Wall Street was rocked on Thursday as US stocks plummeted to their lowest levels in months, with markets across the globe also in freefall following President Donald Trump’s announcement of sweeping new import tariffs. The S&P 500 dropped around 4% in early trading, slipping to 5,440 – its lowest point since September.
The Dow Jones Industrial Average followed suit, falling approximately 3.6%, while the tech-heavy Nasdaq bore the brunt of the turmoil, plunging nearly 5% amid investor fears over the rising cost of imported components and a looming slowdown in consumer demand.

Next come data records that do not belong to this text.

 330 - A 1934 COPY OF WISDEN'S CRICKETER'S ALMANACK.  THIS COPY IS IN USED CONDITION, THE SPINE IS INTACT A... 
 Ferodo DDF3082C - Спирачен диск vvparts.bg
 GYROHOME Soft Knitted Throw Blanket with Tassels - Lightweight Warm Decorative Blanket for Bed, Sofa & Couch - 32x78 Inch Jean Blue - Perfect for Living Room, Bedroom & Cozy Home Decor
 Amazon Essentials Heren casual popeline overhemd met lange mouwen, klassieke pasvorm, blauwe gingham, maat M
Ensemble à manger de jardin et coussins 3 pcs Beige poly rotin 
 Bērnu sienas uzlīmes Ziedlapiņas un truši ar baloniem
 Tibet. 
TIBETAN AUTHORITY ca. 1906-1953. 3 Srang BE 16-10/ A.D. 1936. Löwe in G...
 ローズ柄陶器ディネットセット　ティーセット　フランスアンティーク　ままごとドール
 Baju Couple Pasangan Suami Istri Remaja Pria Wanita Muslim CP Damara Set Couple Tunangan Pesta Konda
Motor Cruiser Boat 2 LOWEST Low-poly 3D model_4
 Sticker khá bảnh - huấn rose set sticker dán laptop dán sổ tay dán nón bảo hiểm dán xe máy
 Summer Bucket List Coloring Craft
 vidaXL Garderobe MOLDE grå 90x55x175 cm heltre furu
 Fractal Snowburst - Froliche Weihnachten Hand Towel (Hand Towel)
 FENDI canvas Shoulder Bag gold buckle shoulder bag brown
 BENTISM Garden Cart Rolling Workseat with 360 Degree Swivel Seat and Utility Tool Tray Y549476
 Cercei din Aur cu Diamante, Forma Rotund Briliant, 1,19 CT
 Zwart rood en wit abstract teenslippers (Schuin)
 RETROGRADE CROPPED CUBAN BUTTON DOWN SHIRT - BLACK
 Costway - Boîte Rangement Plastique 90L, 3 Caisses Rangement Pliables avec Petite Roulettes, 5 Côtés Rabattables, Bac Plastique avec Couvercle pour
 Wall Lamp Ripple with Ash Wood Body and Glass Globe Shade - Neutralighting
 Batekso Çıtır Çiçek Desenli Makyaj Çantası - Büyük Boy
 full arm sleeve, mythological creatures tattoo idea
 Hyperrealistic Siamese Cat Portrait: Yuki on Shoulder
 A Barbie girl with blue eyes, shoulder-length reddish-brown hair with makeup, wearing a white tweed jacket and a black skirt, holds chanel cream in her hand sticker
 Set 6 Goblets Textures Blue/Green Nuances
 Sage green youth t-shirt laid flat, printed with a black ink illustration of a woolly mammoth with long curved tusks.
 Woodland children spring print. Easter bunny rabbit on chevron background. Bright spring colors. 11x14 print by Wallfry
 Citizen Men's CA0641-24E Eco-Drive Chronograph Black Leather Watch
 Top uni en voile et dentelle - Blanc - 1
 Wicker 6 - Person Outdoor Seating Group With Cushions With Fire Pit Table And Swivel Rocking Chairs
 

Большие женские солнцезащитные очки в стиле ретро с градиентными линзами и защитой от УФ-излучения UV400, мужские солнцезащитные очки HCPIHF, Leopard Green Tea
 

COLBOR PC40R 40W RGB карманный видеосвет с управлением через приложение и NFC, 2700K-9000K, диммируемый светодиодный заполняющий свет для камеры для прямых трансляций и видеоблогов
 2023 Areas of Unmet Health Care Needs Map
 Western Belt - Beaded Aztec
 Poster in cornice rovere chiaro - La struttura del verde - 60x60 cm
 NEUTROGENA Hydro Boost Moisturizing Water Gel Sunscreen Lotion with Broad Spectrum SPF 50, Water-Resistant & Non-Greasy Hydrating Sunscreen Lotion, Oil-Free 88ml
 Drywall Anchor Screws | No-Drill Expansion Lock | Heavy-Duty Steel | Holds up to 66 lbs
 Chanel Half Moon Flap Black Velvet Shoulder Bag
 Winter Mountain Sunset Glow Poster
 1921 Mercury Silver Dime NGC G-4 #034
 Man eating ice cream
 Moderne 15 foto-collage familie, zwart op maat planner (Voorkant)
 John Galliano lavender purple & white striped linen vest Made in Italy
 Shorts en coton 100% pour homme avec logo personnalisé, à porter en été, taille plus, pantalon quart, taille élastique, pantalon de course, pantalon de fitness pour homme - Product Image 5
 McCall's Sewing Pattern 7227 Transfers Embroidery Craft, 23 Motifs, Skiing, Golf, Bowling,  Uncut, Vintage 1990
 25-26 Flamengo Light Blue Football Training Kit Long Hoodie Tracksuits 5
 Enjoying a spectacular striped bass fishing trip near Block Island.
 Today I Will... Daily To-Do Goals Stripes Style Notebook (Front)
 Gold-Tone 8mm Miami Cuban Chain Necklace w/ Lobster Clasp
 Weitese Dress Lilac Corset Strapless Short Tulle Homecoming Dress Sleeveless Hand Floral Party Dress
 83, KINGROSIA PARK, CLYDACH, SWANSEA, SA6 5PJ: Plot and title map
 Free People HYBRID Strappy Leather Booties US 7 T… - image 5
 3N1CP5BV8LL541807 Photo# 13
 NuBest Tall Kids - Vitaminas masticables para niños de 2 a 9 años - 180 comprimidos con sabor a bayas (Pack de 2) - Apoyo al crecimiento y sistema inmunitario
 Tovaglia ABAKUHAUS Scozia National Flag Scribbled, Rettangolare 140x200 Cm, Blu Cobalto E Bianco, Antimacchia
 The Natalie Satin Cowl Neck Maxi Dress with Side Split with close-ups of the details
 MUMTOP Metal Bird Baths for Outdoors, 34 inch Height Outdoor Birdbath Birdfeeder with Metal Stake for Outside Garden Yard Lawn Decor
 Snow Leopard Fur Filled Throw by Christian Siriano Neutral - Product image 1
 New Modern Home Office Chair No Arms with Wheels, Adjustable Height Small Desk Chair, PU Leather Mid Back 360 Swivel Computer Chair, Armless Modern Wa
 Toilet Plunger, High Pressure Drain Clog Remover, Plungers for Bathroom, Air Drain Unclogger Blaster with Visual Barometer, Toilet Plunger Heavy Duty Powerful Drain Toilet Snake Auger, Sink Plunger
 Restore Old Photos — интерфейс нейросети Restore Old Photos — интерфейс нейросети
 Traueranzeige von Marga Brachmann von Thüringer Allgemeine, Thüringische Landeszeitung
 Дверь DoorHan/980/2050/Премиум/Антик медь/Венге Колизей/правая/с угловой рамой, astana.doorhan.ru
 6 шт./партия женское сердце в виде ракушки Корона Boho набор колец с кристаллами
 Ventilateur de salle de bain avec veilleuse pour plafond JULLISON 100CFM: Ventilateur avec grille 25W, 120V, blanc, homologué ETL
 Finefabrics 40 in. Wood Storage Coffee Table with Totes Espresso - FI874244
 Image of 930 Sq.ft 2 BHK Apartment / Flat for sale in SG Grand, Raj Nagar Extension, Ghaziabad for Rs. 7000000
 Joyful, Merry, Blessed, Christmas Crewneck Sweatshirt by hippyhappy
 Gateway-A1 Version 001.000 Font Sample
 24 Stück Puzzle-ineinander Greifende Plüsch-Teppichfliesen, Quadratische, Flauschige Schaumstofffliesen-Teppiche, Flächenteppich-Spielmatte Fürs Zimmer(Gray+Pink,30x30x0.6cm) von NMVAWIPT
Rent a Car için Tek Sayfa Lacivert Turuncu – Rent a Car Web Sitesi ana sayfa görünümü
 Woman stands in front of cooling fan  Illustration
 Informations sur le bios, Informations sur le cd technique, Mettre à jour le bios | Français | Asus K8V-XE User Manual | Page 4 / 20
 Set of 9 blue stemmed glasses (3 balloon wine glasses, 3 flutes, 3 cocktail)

The shockwaves were not confined to the United States. European markets were quick to react, with Germany’s DAX index tumbling 2.8% and France’s CAC 40 shedding 3.3% by mid-afternoon. In London, the FTSE 100 was down by 1.5%, slumping to a three-month low of 8,476 as traders digested the implications of a new era of economic protectionism.
The announcement from the White House, made during a dramatic press conference on Wednesday evening, outlined a new set of tariffs that will affect nearly all US imports, with the harshest measures aimed at the European Union and China. Mr Trump has argued that the move will revive domestic manufacturing, claiming it is time for the United States to “reclaim its economic independence”.
However, financial markets appear far from convinced. Investors fled to safer assets on Thursday, with bond yields dipping and the dollar taking a significant hit. The greenback slid 2.5% against the euro to a six-month low of 0.9, while also falling 1.2% against the pound, trading at 0.76 in afternoon dealings.
Economists and analysts have been quick to issue dire warnings. A note from Barclays analysts published Thursday morning cautioned that there is now a “high risk that the US economy enters a recession this year”. The bank pointed to rising inflation, falling GDP, and the increasing likelihood of stagflation – a toxic mix of stagnating growth and persistent inflation.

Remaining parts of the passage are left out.